The metropolitan newspaper was a phenomenon in which, as Gunther Barth stated in City People, revealed common humanity within the cities. Beginning as a small idea, the metropolitan press evolved drastically through technology; the newspaper became widely available to the public. Today, as we approach 200 years of the growth and expansion of the American city, there is no lack of news availability. Not only is news media broadly available to the public and student body, but each paper is able to appeal to the many identities that the city people of Atlanta encompass. The following photographs were shot through my daily walk from Sparks Hall on Georgia State’s campus to the Aderhold Learning Center which is approximately 5 blocks walking distance.
A variety of newspapers are available to students for free with the swipe of their student ID card.

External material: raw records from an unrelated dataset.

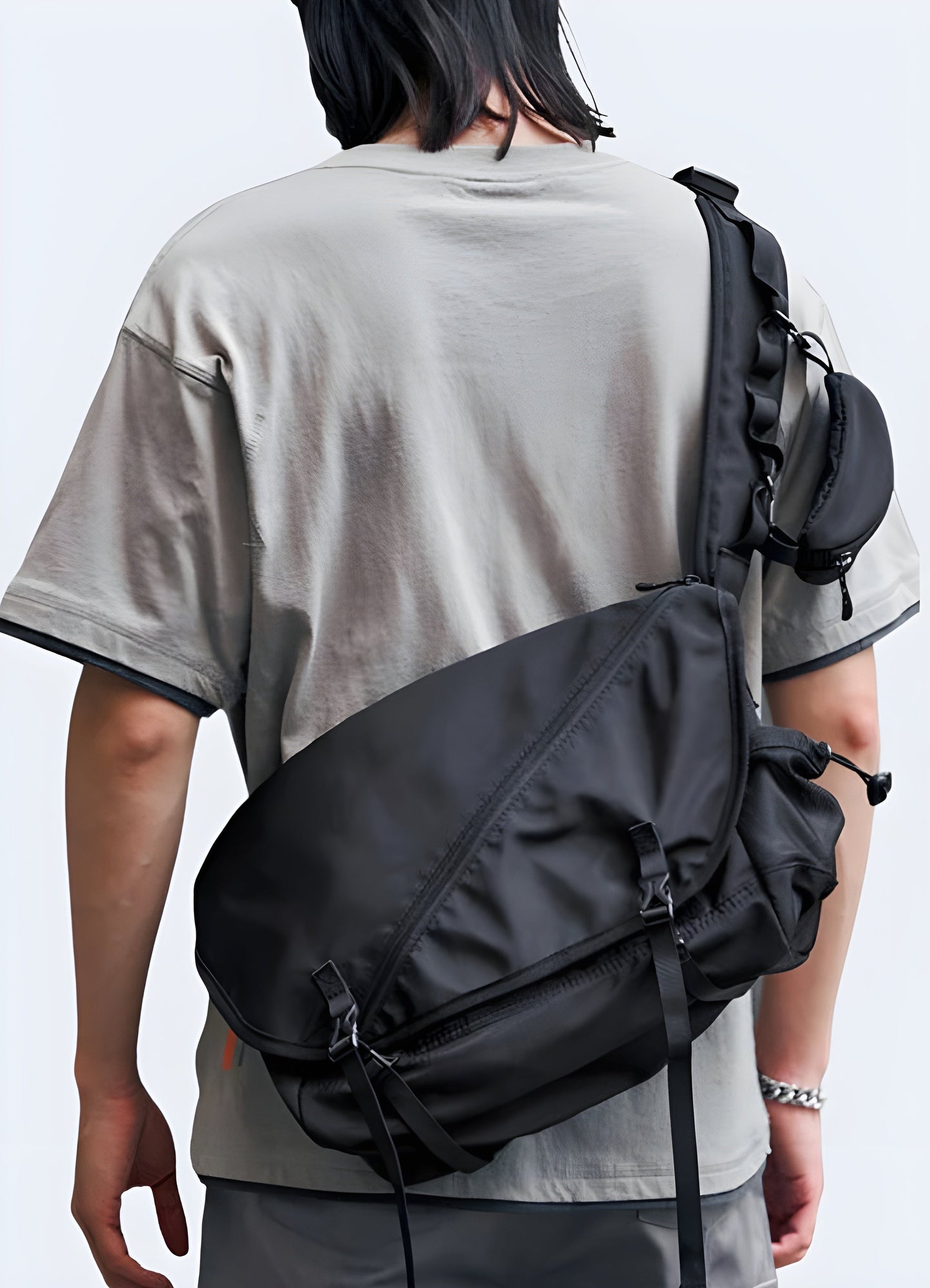 Man wearing a waterproof crossbody bag, front side view, highlighting its functionality Canada.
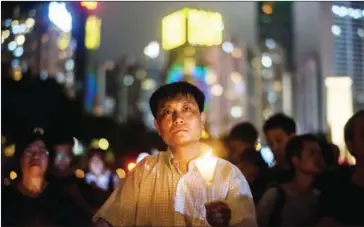  ?? ANTHONY WALLACE/AFP ?? A man holds a candle in Hong Kong’s Victoria Park on Sunday, during a vigil to mark the 28th anniversar­y of the June 4 Tiananmen crackdown in Beijing in 1989.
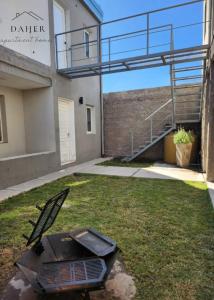 a chair sitting in the yard of a building at Daher Apartment Homes in La Consulta +4 photos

The above pictures show three different newspapers available to students on Georgia State University’s campus. USA Today is a good newspaper that allows for important daily news from every state to be combined into one location. This is a good example of a newspaper that can integrate people beyond their current surroundings, and unite them with similar stories of gossip and important information. The New York Times manages to go beyond USA Today’s scope and encompasses international news as well. The availability of news around the world allows people to unite under opinion and distress. The New York Times also incorporates columns that go beyond news, like style and popular culture. This idea returns to Barth’s point that innovations in such areas are important for city people to keep up with in order to acclimate to their city surroundings.
Some papers are provided on racks for anyone to take. The Signal Urbanite is a student newspaper for Georgia State University, which seeks to share information on small scale news mainly regarding the student community and many organizations and events that are comprised of that community. It also features community opinions and concerns.
The above two photographs come from a news stand on Park Place, where one can receive their news as well as various magazines, or snacks.
The newspaper vending machine seems to be a dying breed in our society, but for $1.50 in quarters anyone in the public has access to these various papers with advertisements, jobs, and information.
The above two photographs are of the Equitable News Stand, which offers a similar combination to the 7 to 7 News Stand, marketing news and other miscellaneous goods for sale.
Barth, Gunther City people: The Rise of Modern City Culture in Nineteenth-Century America. New York: Oxford University Press, 1980.
Youngs, Larry. Class Lecture, Georgia State University, Atlanta, GA, 2011.